Caption-style text data:

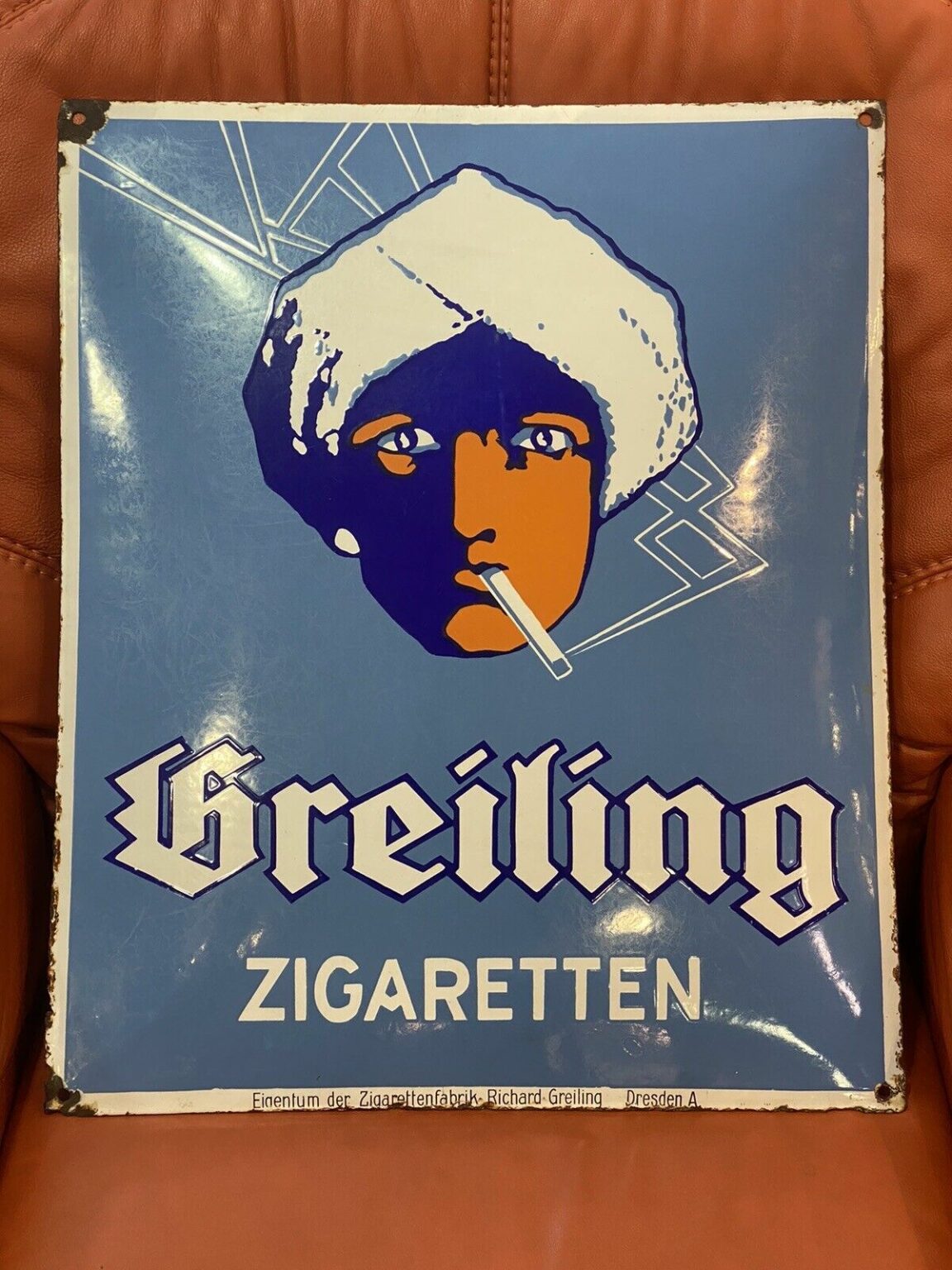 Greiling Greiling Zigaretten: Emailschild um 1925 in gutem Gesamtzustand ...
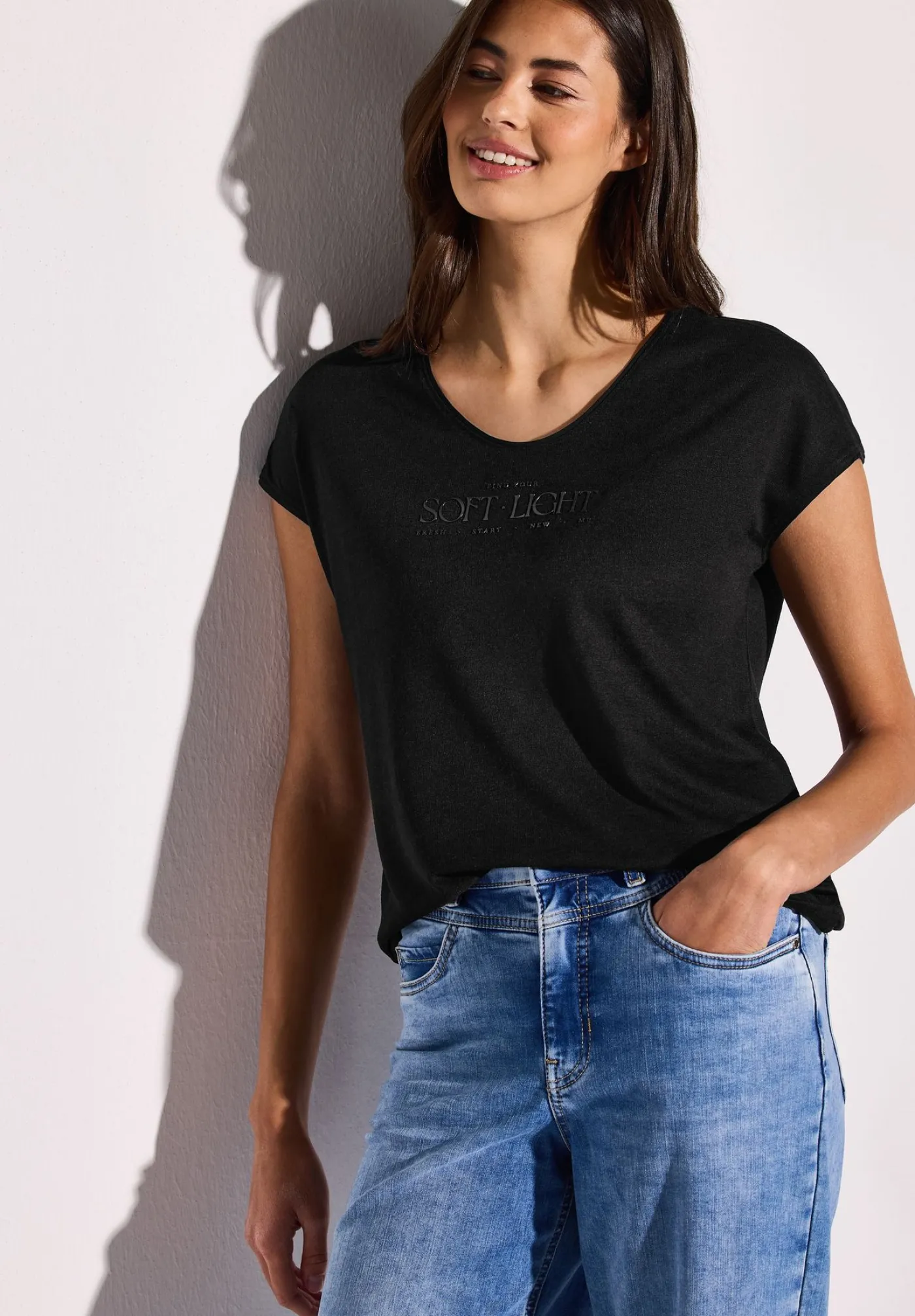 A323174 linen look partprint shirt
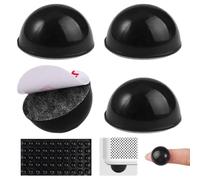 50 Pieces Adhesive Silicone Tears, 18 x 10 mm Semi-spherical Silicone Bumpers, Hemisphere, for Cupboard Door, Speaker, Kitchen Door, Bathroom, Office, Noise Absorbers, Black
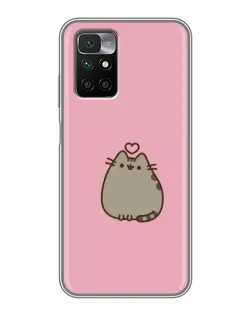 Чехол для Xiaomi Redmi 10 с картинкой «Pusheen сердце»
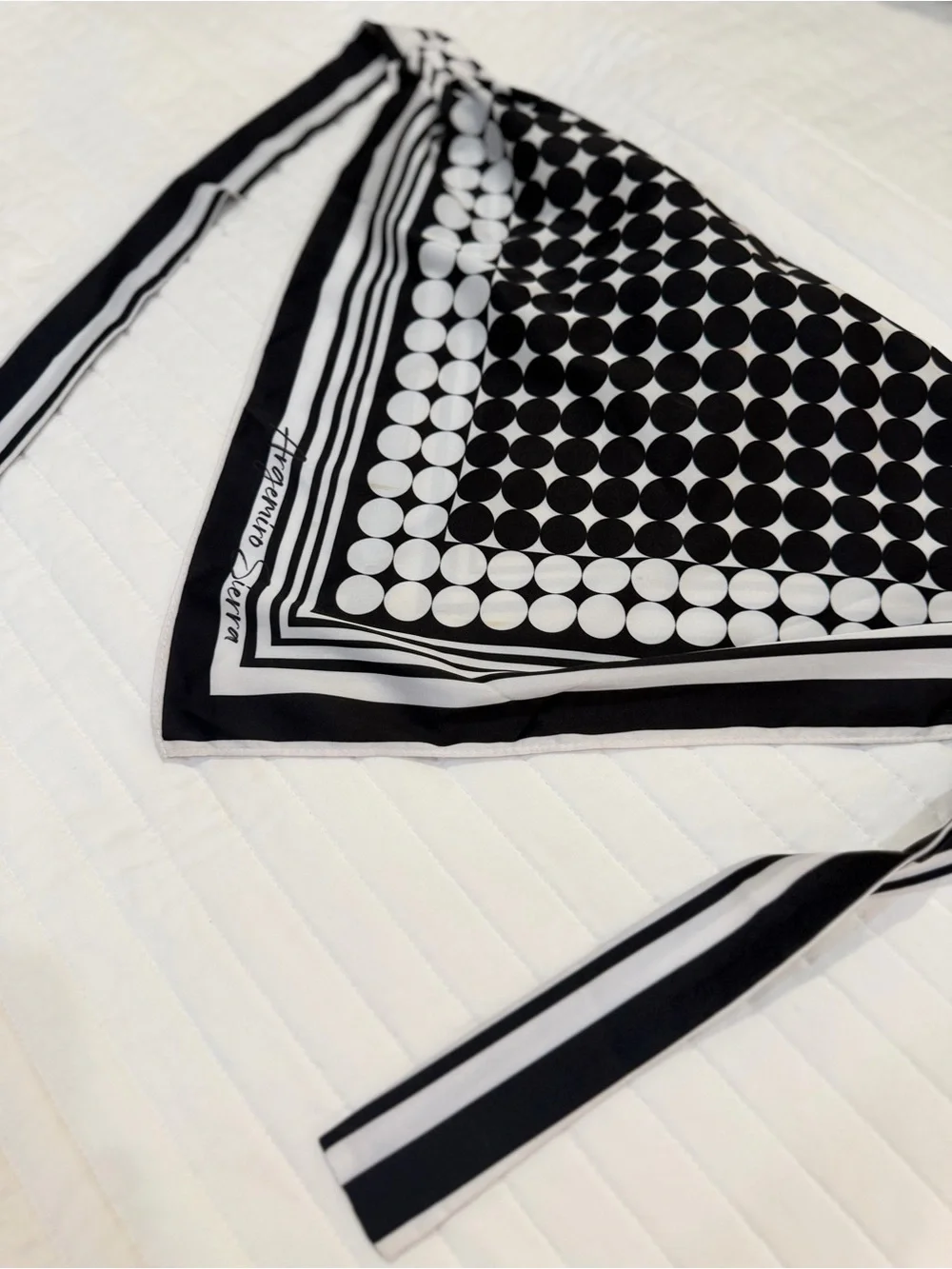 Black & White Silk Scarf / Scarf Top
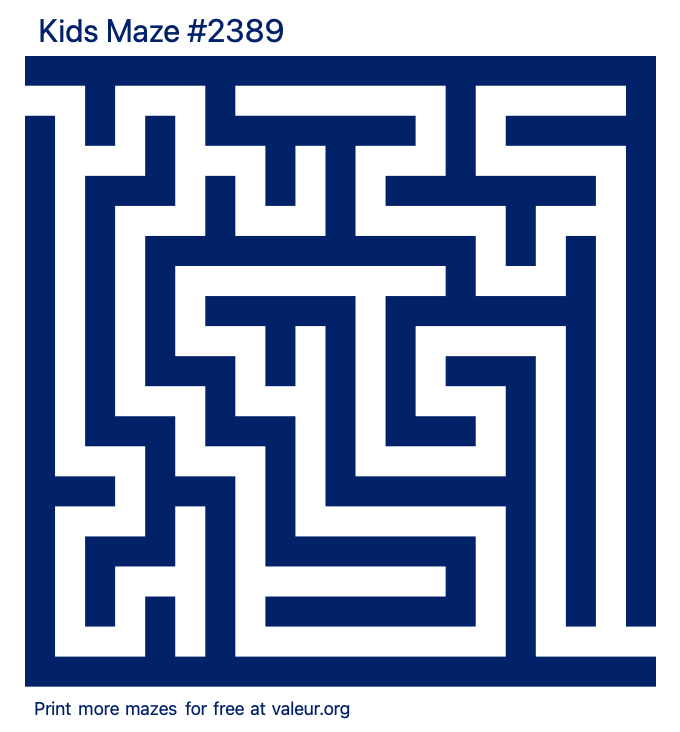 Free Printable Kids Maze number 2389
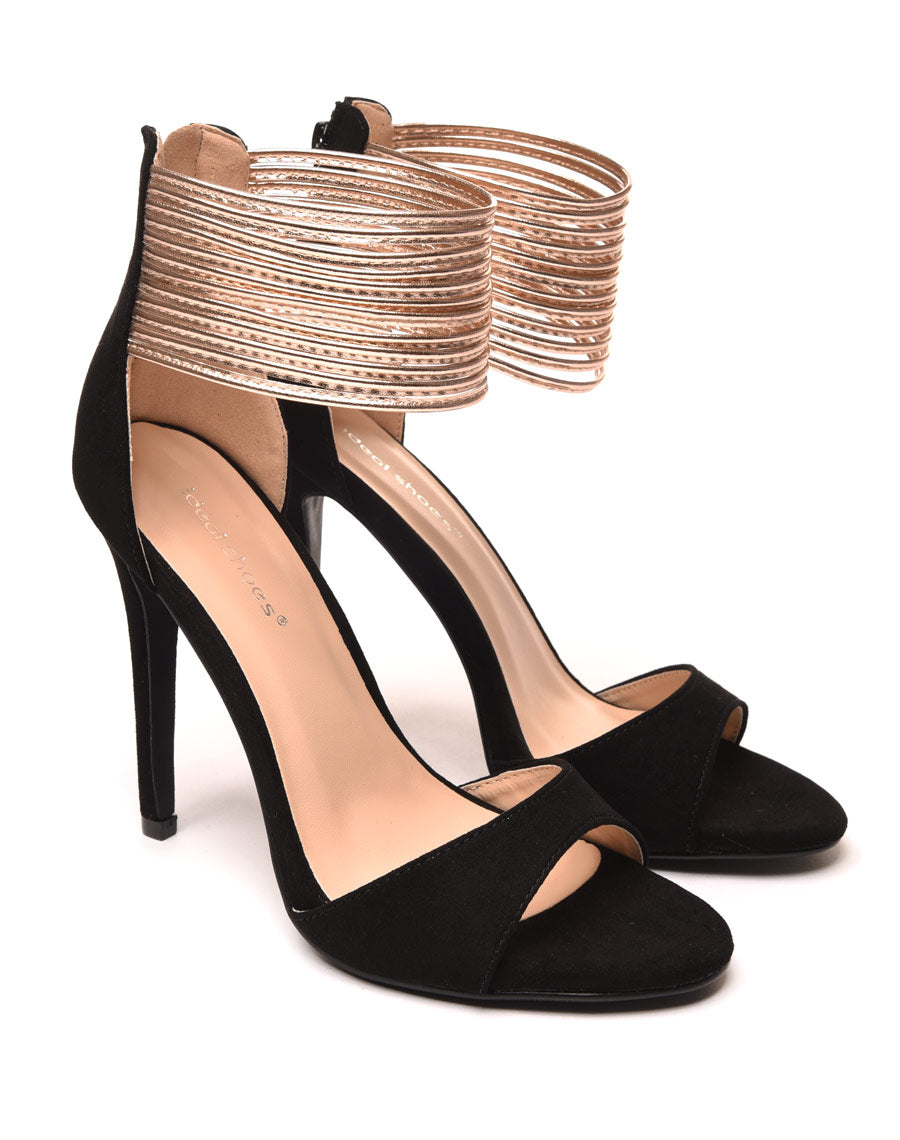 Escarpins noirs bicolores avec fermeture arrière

WHAT TO DO
Without the images, write out all of the records exactly.

ANSWER BOX
 Greiling Greiling Zigaretten: Emailschild um 1925 in gutem Gesamtzustand ...
 A323174 linen look partprint shirt
 50 Pieces Adhesive Silicone Tears, 18 x 10 mm Semi-spherical Silicone Bumpers, Hemisphere, for Cupboard Door, Speaker, Kitchen Door, Bathroom, Office, Noise Absorbers, Black
 Чехол для Xiaomi Redmi 10 с картинкой «Pusheen сердце»
 Black & White Silk Scarf / Scarf Top
 Free Printable Kids Maze number 2389
 Escarpins noirs bicolores avec fermeture arrière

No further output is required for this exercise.